Prompt => Exactly as they appear, retype the lines from the one containing "Логотип (бренд, торговая" through the final line of the data below. Leave pictures out.

#### Records for processing ####

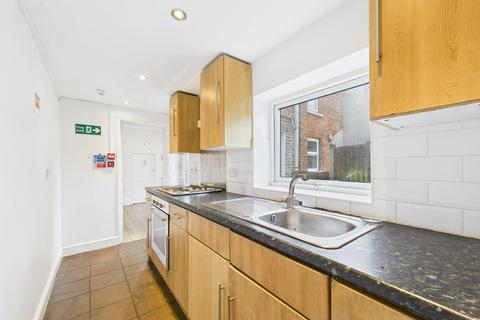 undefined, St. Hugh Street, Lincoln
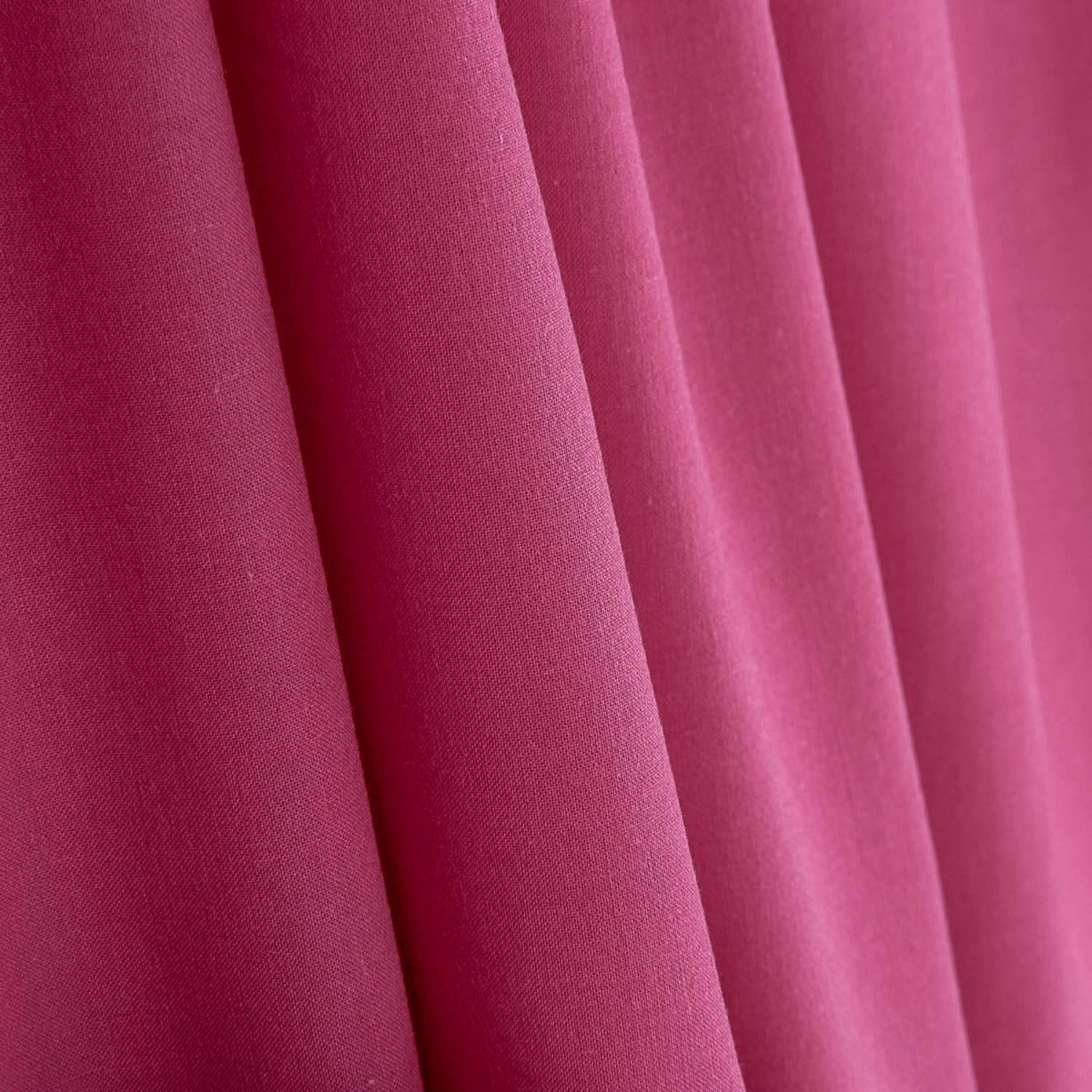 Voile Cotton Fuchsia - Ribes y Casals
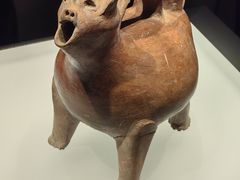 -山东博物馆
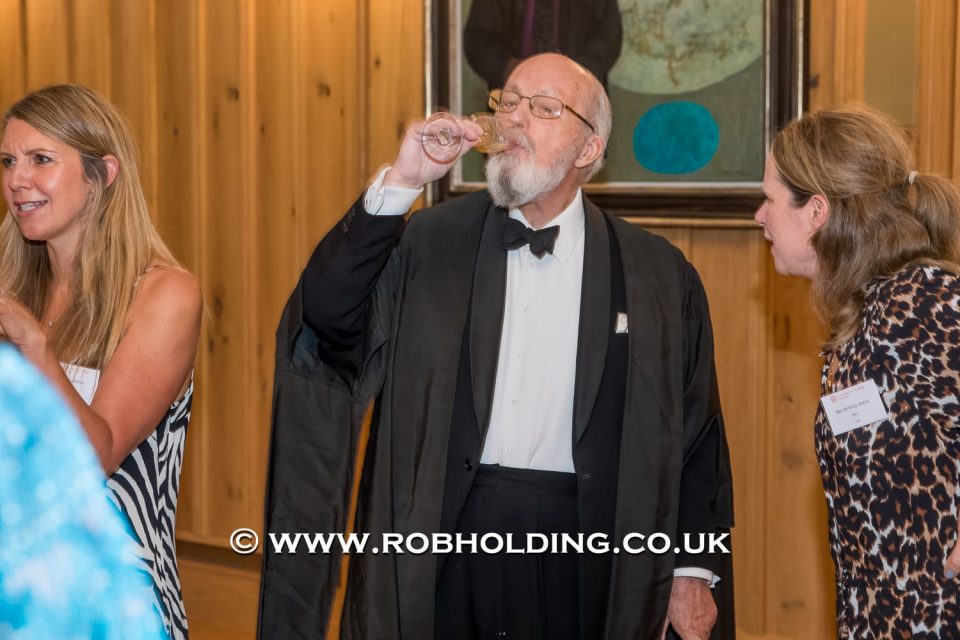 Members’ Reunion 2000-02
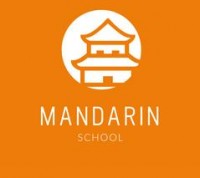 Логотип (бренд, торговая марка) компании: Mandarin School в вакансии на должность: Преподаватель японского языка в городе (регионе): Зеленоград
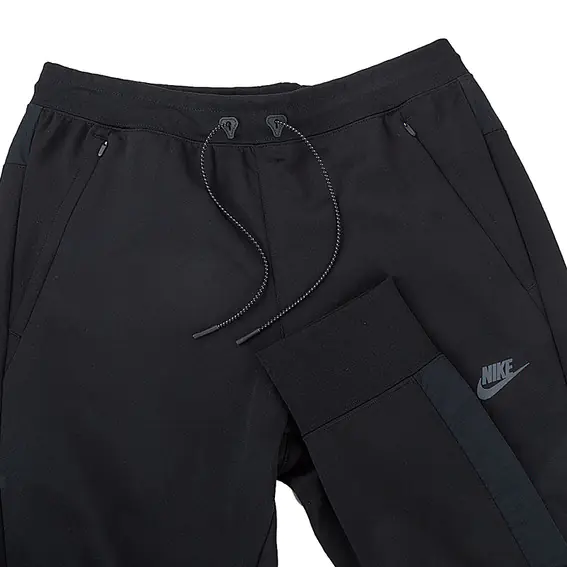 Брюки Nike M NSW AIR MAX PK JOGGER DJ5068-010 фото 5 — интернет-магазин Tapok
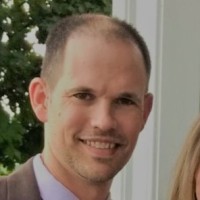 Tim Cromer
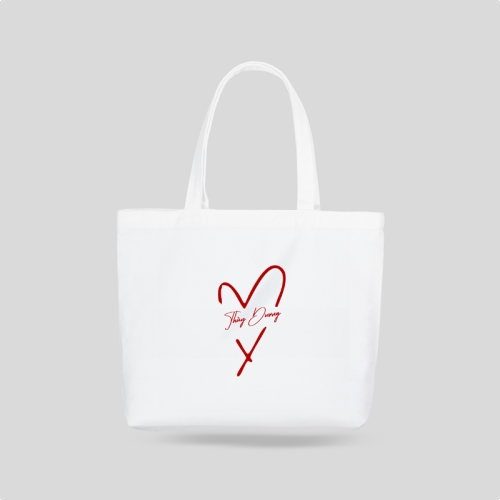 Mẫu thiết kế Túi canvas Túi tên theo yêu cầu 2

####

Worked solution =>
 Логотип (бренд, торговая марка) компании: Mandarin School в вакансии на должность: Преподаватель японского языка в городе (регионе): Зеленоград
 Брюки Nike M NSW AIR MAX PK JOGGER DJ5068-010 фото 5 — интернет-магазин Tapok
 Tim Cromer
 Mẫu thiết kế Túi canvas Túi tên theo yêu cầu 2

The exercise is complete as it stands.